In Theaters: The Answer Man

Movieline Score: 5

The City of Brotherly Love is glutted with fathers, sons, and the holy ghost in The Answer Man, writer-director John Hindman's debut film. The specter of some of the most tiresome traits of Amerindie cinema also looms over the story of Arlen Faber (Jeff Daniels), a reclusive writer made whole again through the healing connection to single-mom chiropractor Elizabeth (Lauren Graham) and 12-stepping used-bookstore manager Kris (Lou Taylor Pucci).

Arlen, whose book Me and God is still on the best-seller list 20 years after its initial publication, is a cuss-prone, toy-monster-collecting misanthrope whose bad back leads him, crawling on all fours, to Elizabeth's office. "You might not be cured, but you're going to feel a lot better, I promise," she says as she aligns the crank's vertebrae, tidily summing up Hindman's platitudinous script. A tentative courtship begins over dinner, with Arlen assuring Elizabeth -- wondering whether she's doing enough with her life -- that she is God's muse. The dyad soon becomes a trio of broken souls, as Kris, in and out of AA meetings and the squalid apartment he shares with his pickled pop, shows up on the doorstep of Arlen's townhouse for metaphysical guidance.
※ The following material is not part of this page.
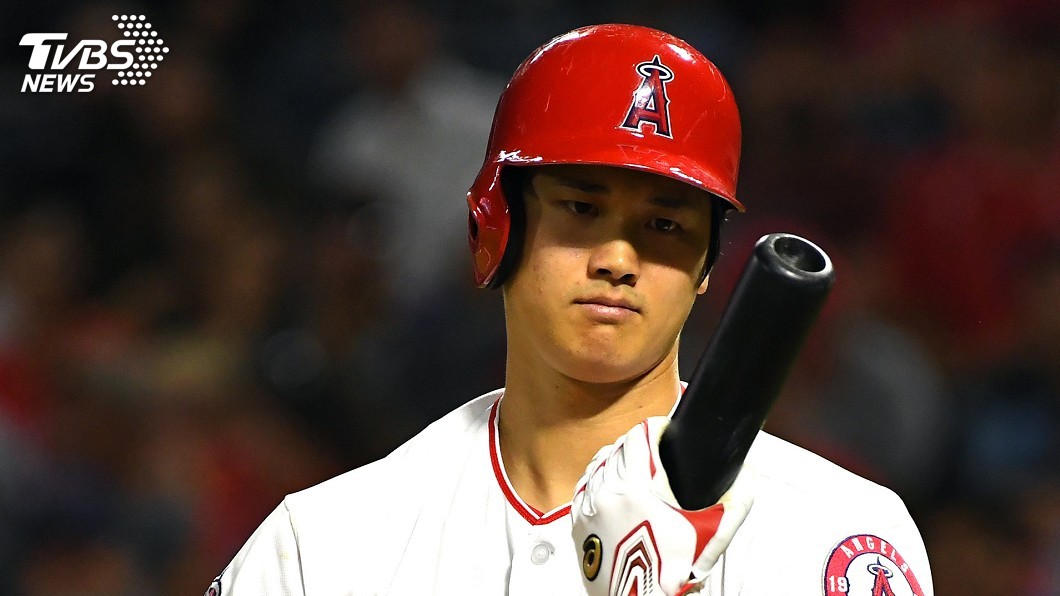 TJ手術屢再造強投　大谷重拾二刀流不難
If God is in the details, Hindman doesn't really care: We learn little about the book that made Arlen a spiritual guide to millions for two decades, only that it, like all self-help treatises, is worthy of our scorn -- an especially hypocritical stance in a movie cluttered with indie-film bromides and easy soul-salving. Fortunately, Daniels and Graham, in roles similar but inferior to earlier, indelible characters they've played (Daniels as a self-obsessed novelist in The Squid and the Whale; Graham's complex solo parent in The Gilmore Girls), rise above the material, bringing nuance to their innumerable moments of emotional woundedness. Though Olivia Thirlby and Kat Dennings appear in wasted minor roles in a seemingly desperate attempt to shoehorn in Gen Y stars, The Answer Man does at least offer the pleasure of seeing two gifted adult actors onscreen, even if what comes out of their mouths is never more sophisticated than the lyrics to Joan Osborne's "One of Us."